Seabiscuit — a racehorse who earned his place among the immortals long before Hillenbrand was born — has exercised extraordinary power in her life. He captivated her and inspired her and ran for her, not just in her dreams, but in her effort to capture a moment in America that created a nation of dreamers through an incredible sports story.
Hillenbrand's book, Seabiscuit: An American Legend, was published to great acclaim in 2001, and has sold more than 2.5 million copies, according to Random House. The racehorse is in the news again because Seabiscuit, an $87 million movie inspired by the book, will open July 25. The movie rights to the book were sold before the bidders knew it would become a publishing phenomenon. It is an epic story that needed no embellishment, even by Hollywood standards.
The Story of Two Underdogs
Seabiscuit was one of the most famous figures of Depression-era America — an underdog racehorse who few people believed in at first but who wound up electrifying the entire nation.

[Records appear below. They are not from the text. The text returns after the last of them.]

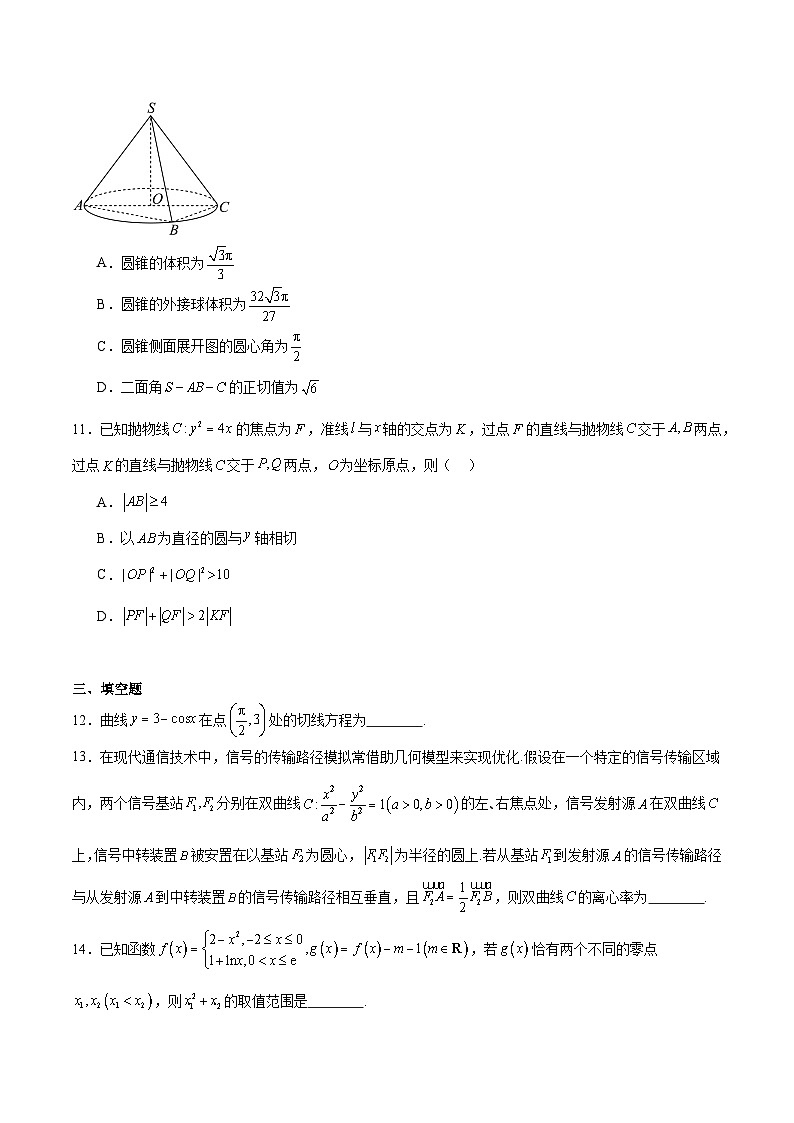 安徽省阜阳市2026届高三上学期1月期末教学质量监测数学试卷（Word版附解析）第3页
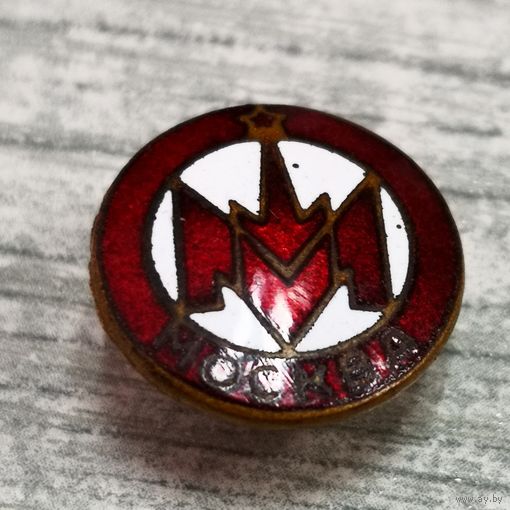 ЗНАК МОСКВА. ТЯЖЁЛЫЙ, ГОРЯЧАЯ ЭМАЛЬ КЛЕЙМО ШЭЗ ВИНТ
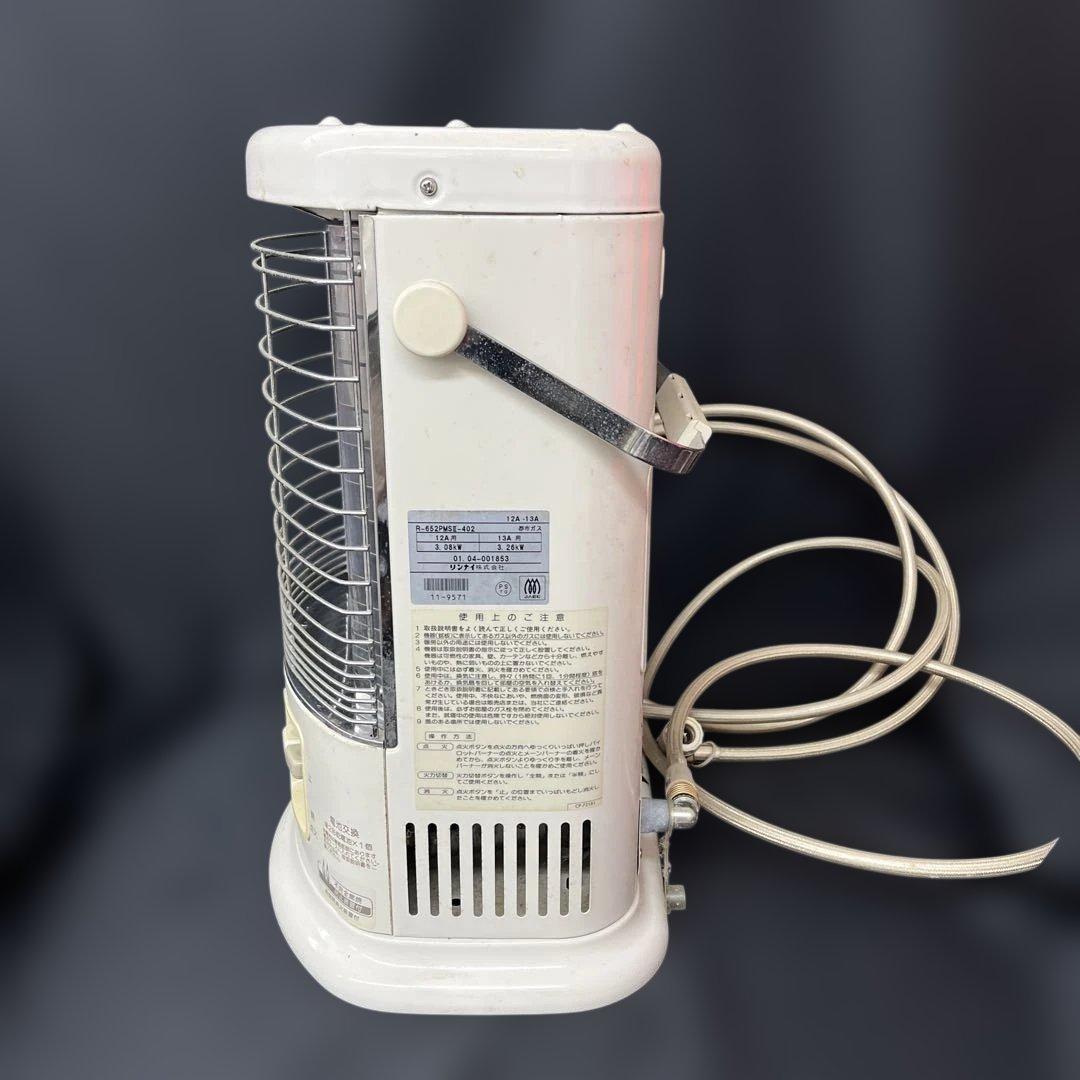 リンナイ ガス赤外線ストーブ 都市ガス用 R-852PMSIII-402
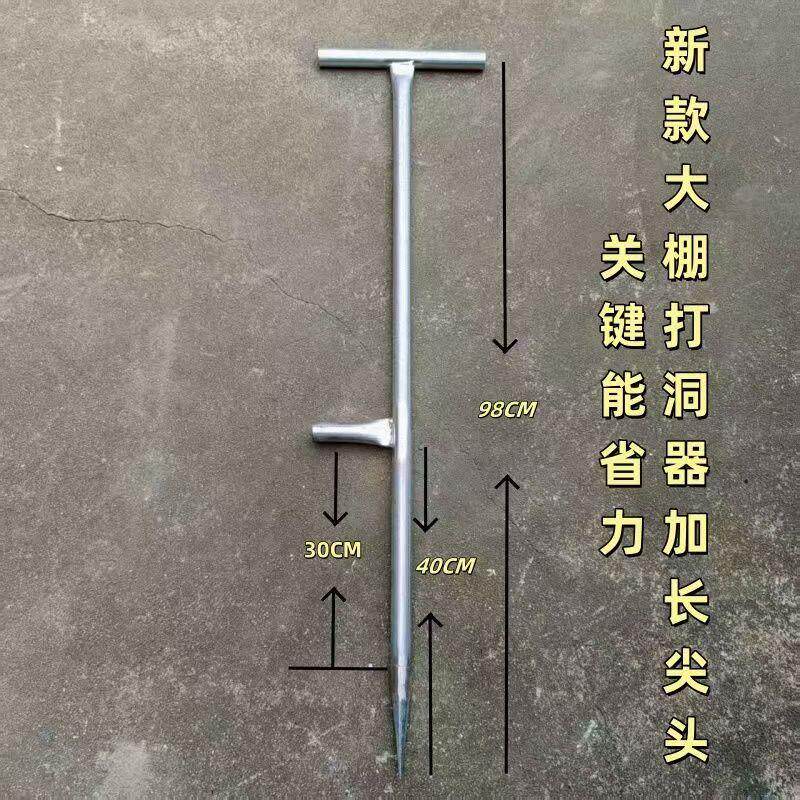 新款加厚长头大棚专打洞神器1010CM实心尖农加用工具用打洞器包质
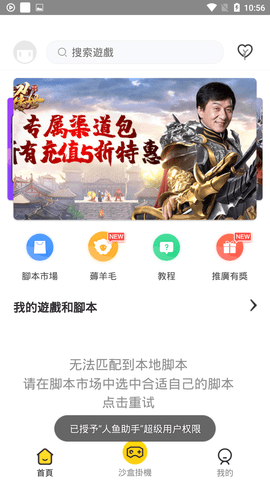 人鱼助手-图4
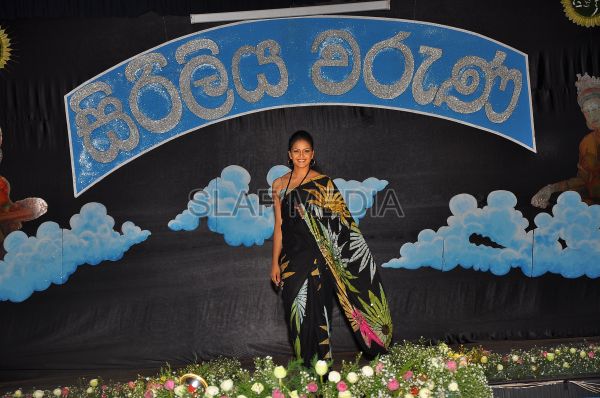 'Siriliya Waruna'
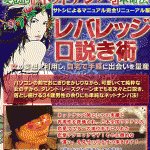 レバレッジでネット的ナンパ法！プロフィール術,レビュー,検証,徹底評価,口コミ,情報商材,豪華特典,評価,キャッシュバック,激安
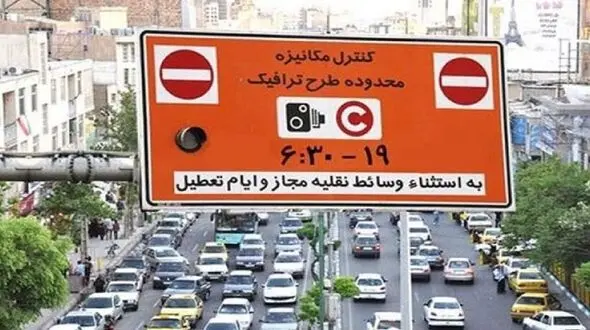 رزرو ورود به طرح ترافیک اجباری شد/ چقدر جریمه می شوید؟ + سایر جزئیات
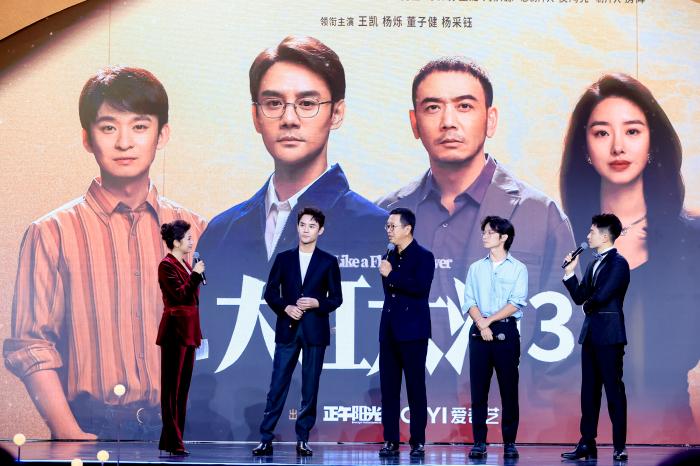 活動(dòng)現(xiàn)場(chǎng)，《大江大河3》劇組代表推介新劇。主辦方供圖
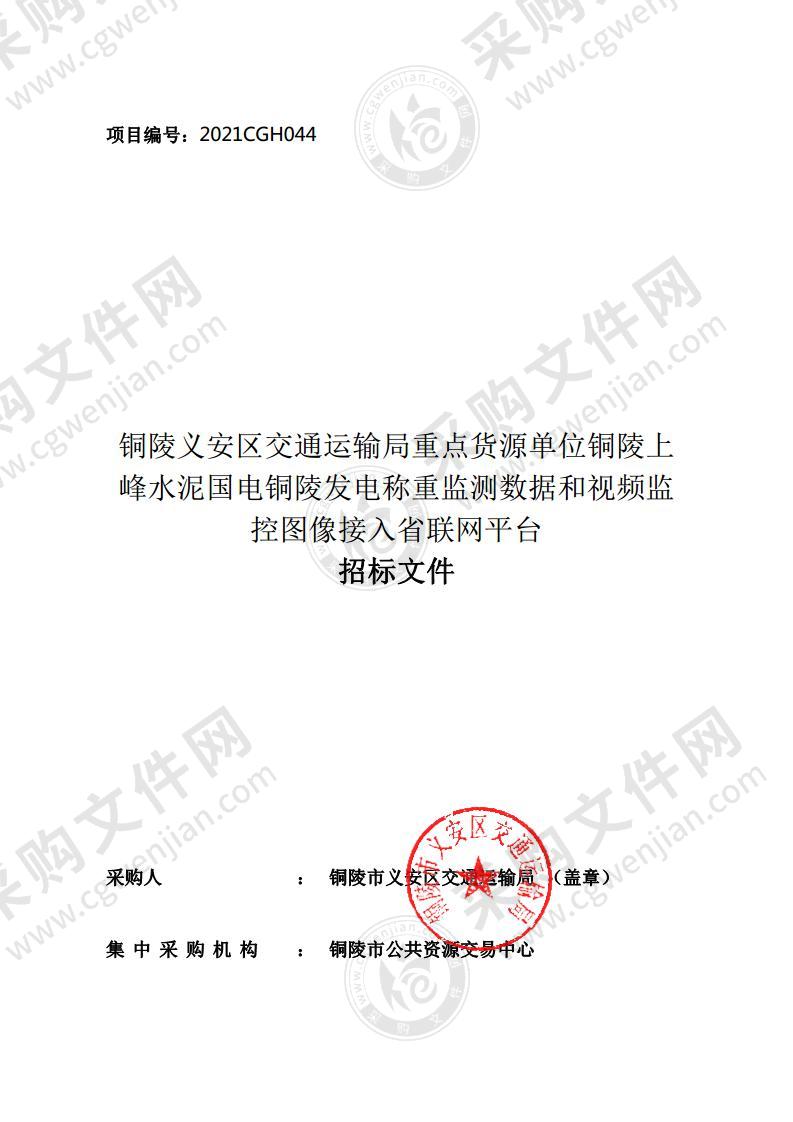 铜陵义安区交通运输局重点货源单位铜陵上峰水泥国电铜陵发电称重监测数据和视频监控图像接入省联网平台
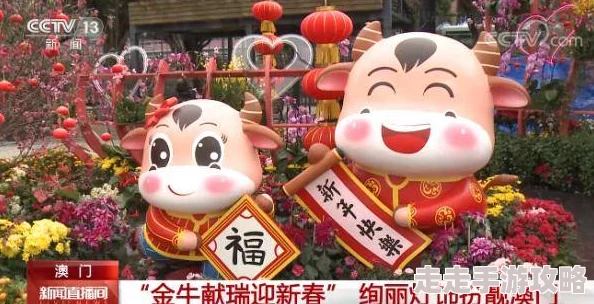 澳门金牛论坛金牛网提供论坛交流平台分享预测信息探索数据规律 澳门金牛论坛金牛网提供论坛交流平台分享预测信息探索数据规律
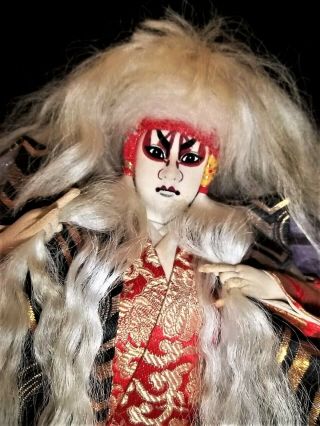 Vintage Japanese Kabuki Theatre White Lion Dancer Doll/figure - 17 "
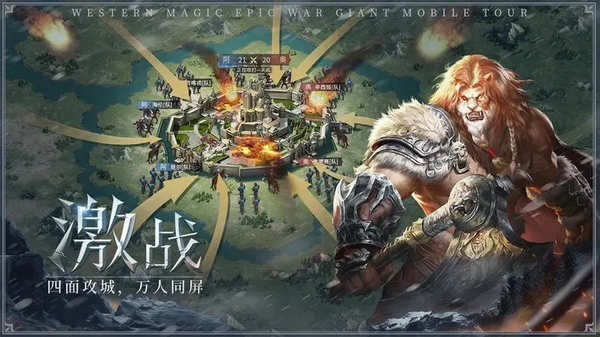 帝国雄师九游版图片1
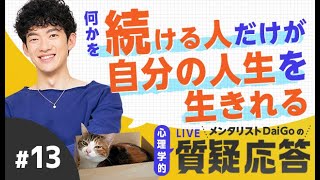 悪い癖を直すための ディスラプティング入門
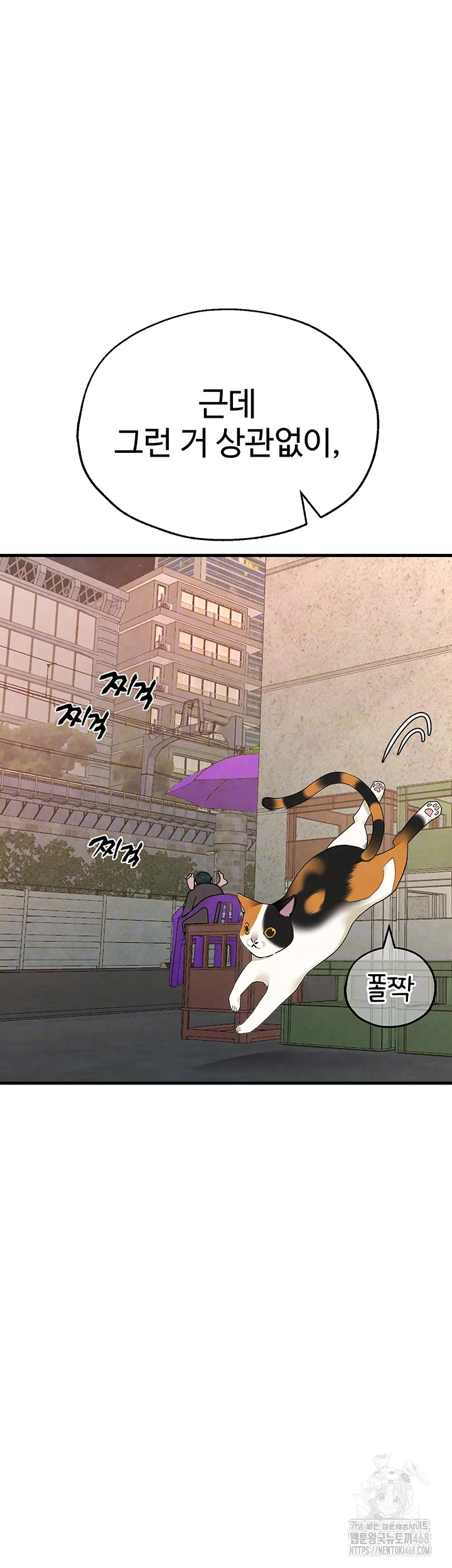 The BJ Manager Who Boosts His Favorability Raw Chapter 25 Page 6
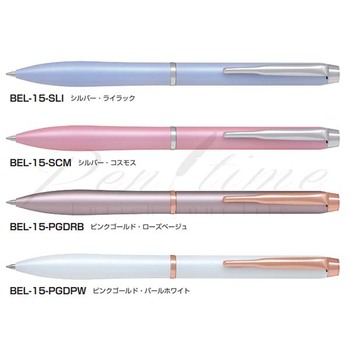�p�C���b�g�@�{�[���y���@�G�^�[�����N�i�c�̑���0.5mm�j�@BEL-15��3500���y������L���z�y���b�s���O�����z�y���[�J�[�ۏ؁z�y�y���^�C���z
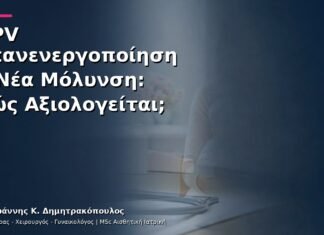 HPV Επανενεργοποίηση ή Νέα Μόλυνση: Πώς Αξιολογείται;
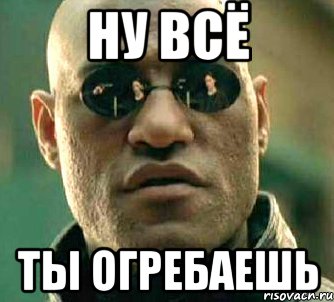 Ну всё Ты огребаешь, Мем  а что если я скажу тебе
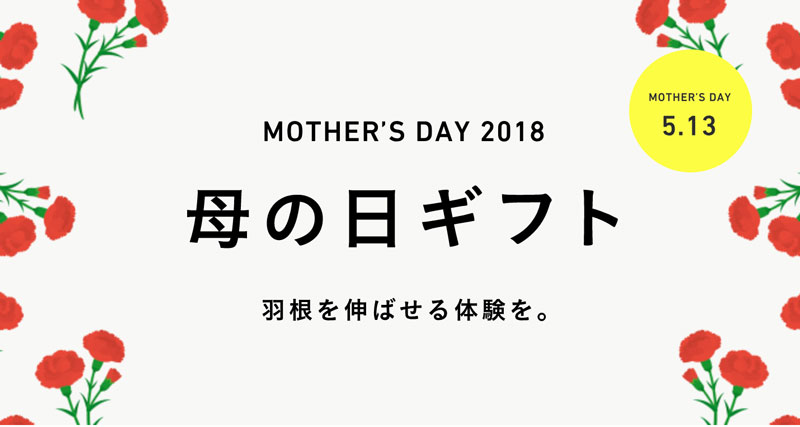 Sow Experienceの母の日ギフト特集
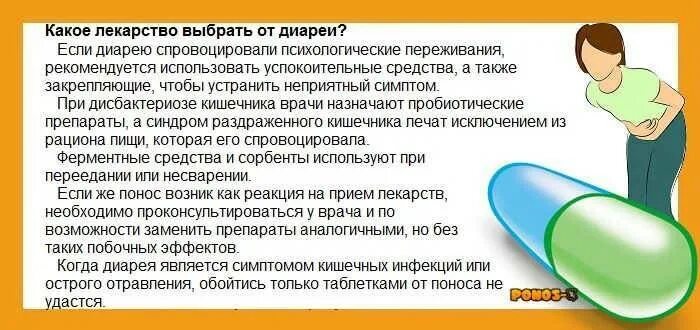 Рвота понос и температура у взрослого лечение. При сильной диарее. Лекарства при поносе водой. Что делать при поносе.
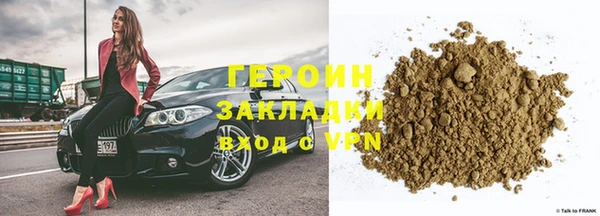 СК Инта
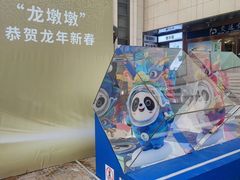 -王府井步行街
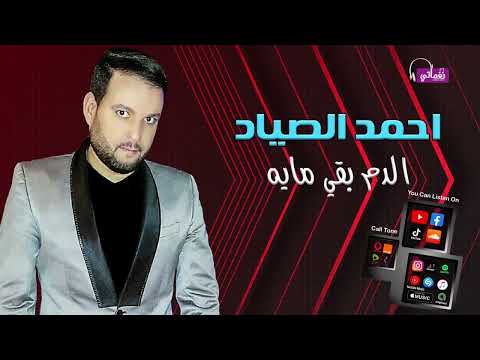 الدم بقى ميه احمد الصياد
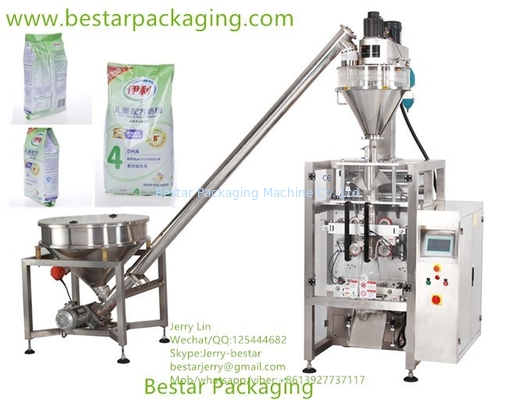 Vertical Form Fill & Seal (VFFS) Машина для 500g,1kg,2kg,3kg,4kg,5kg Муки, твердой пшеничной муки,порошка, хлебная мука, молоко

"He was actually the No. 1 newsmaker of 1938," Hillenbrand said. "Roosevelt was second and Hitler was third. This is by newspaper column inches. He was everywhere. And by virtue of that, Seabiscuit went from being merely a sports hero to being a national icon."
One of the central figures in the story was a down-and-out jockey and part-time prizefighter named Red Pollard, who is played in the movie by actor Tobey Maguire.
"His career was basically nowhere," Maguire said of Pollard. "He was really on the skids in terms of horseracing, and wandering the country in a lot of pain and despair."
But in his late 20s, Pollard got a chance to jockey a horse that didn't seem to amount to much, either.
"Seabiscuit and Red Pollard shared something in common," Hillenbrand said. "Both of them had been kicking around the bottom of the sport for quite a while.
"He was a very ugly little horse. The thing that Seabiscuit needed was to rediscover his own natural love of running. In the hands of his first trainer he had been whipped a great deal in his races and he was a very obstreperous animal.